*EXERCISE INSTRUCTIONS:* In the records below, repeat word for word only the lines starting at the one that contains "Senor Swinger Tops Virginia Derby Field Senor" and ending at the one that contains "Okoume/Bintangor/Poplar/Birch/Pine/Hardwood Plywood 1220*2440mm", pictures excluded.
PROVIDED RECORDS Start Marker
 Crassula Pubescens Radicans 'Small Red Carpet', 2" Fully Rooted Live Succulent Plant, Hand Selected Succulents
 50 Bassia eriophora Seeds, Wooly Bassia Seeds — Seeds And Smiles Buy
PROVIDED RECORDS End Marker
PROVIDED RECORDS Start Marker
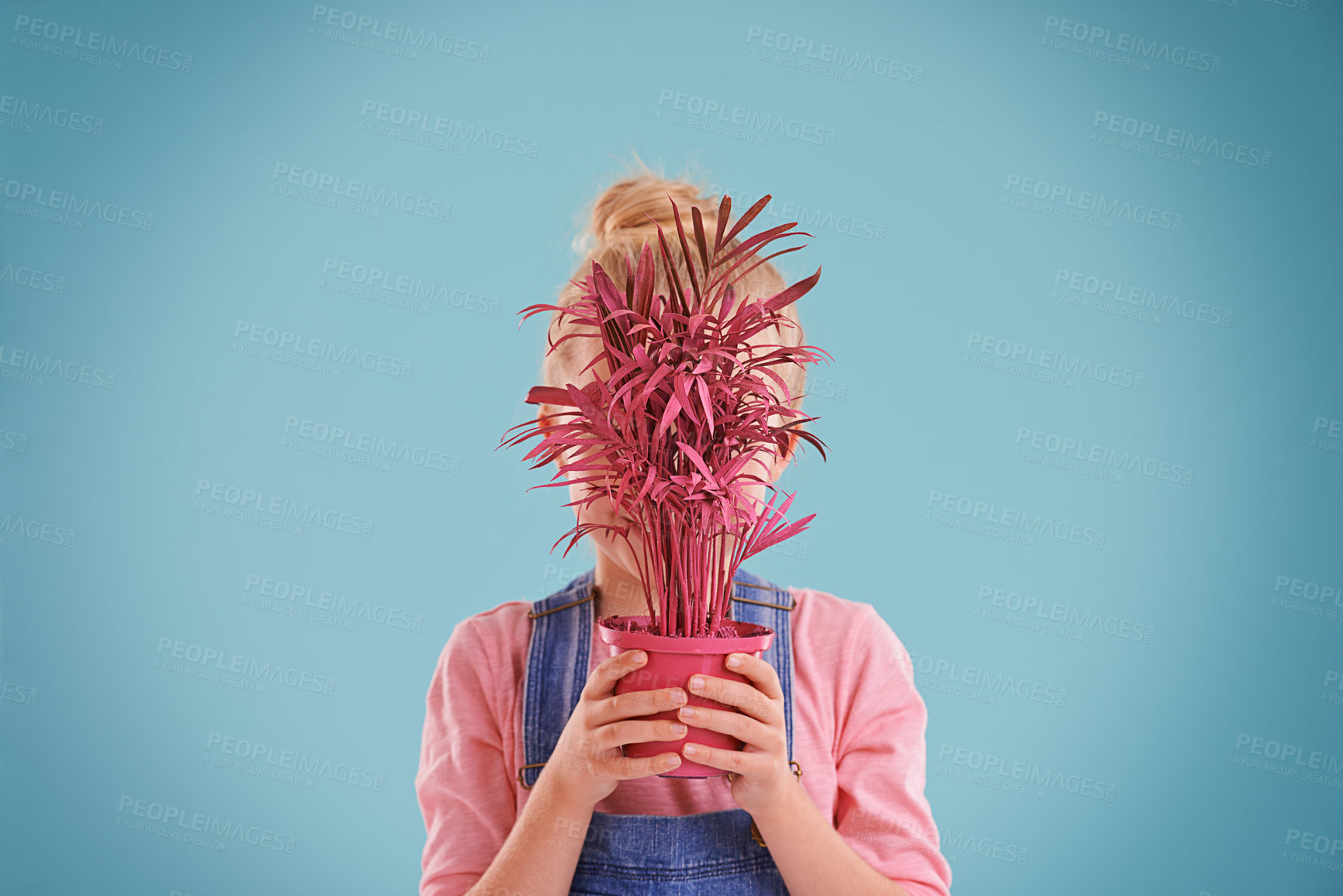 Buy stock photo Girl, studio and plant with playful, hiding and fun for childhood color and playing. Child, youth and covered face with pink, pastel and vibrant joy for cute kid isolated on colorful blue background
PROVIDED RECORDS End Marker
PROVIDED RECORDS Start Marker
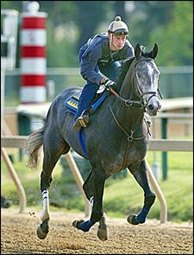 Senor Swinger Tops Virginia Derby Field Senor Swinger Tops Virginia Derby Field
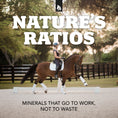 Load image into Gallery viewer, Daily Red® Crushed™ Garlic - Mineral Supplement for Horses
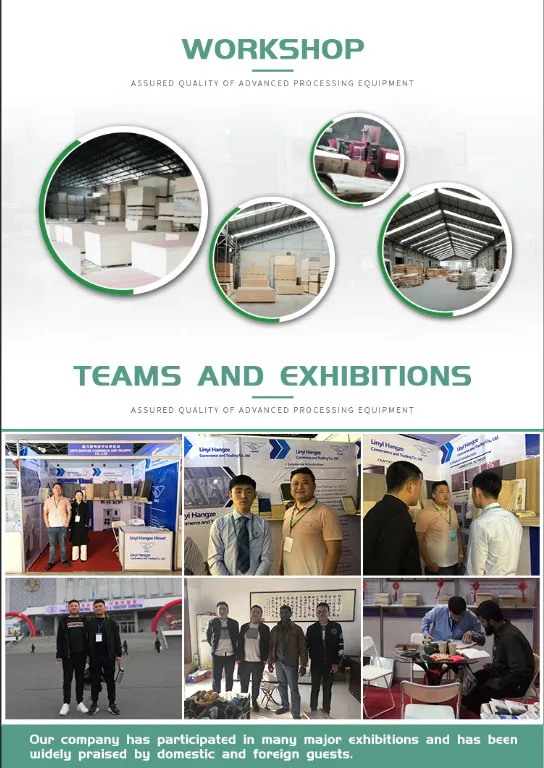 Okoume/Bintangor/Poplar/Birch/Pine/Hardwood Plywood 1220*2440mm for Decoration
PROVIDED RECORDS End Marker
*REPLY:*
 Senor Swinger Tops Virginia Derby Field Senor Swinger Tops Virginia Derby Field
 Load image into Gallery viewer, Daily Red® Crushed™ Garlic - Mineral Supplement for Horses
 Okoume/Bintangor/Poplar/Birch/Pine/Hardwood Plywood 1220*2440mm for Decoration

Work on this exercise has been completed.